The Final Stage of the Optical Revolution: Photonic Computers
The photonic revolution began with optical fibre, but it will end with optical computers. The German company Q.ANT has designed and is manufacturing itself one of the first all-optical commercial line of computers. Photonic computers are really analogue calculators. The advantage over electron-based digital computers is not the speed of light versus electrons. Their velocities are similar. Instead, the real difference is that digital computers flip zeros and ones using transistors in combination with capacitors. Capacitors must charge and discharge. This takes a lot of time. It also consumes a lot of power all of which ends up as heat. 😃Even a simple addition of two numbers requires approximately 200 transistors. Taking the square root of a number involves 7000 transistors and the work horse Fourier transformation requires roughly 1 million transistors.
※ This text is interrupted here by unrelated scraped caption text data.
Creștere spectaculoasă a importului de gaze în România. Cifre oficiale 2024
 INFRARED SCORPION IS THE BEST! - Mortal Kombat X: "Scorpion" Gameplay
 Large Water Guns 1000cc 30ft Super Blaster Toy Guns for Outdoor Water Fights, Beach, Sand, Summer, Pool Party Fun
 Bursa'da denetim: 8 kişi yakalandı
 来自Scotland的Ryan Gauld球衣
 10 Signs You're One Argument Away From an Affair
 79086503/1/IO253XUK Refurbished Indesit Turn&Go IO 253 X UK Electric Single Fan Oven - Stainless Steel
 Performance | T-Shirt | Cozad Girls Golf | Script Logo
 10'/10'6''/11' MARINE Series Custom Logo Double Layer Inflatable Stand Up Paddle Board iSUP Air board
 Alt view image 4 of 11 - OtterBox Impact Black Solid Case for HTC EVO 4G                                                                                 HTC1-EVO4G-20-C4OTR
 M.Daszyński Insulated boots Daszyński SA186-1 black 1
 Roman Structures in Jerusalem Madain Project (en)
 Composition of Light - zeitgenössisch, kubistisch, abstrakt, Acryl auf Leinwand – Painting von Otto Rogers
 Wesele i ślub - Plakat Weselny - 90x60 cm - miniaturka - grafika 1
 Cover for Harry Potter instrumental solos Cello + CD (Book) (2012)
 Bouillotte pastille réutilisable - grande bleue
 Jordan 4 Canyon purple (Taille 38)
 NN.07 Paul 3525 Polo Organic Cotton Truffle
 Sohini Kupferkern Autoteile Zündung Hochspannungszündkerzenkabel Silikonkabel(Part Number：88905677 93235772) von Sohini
Note that glasses also passively perform a Fourier transformation. In other words a single optical device in a computer can do a Fourier transformation without the million transistors. Most components comprising a photonic computer are passive optical components that transform the light as it passes through them. Faster, simpler, and consumes roughly 3% of the electricity that a digital computer requires to do the same tasks.
The big challenge that must be overcome to create commercial successful optical computers is light loss or attenuation. Any light loss causes numerical errors. This Germany company's success largely reflects its ability to reduce optical attenuation using exotic materials like lithium. It has achieved 8 digit numerical accuracy.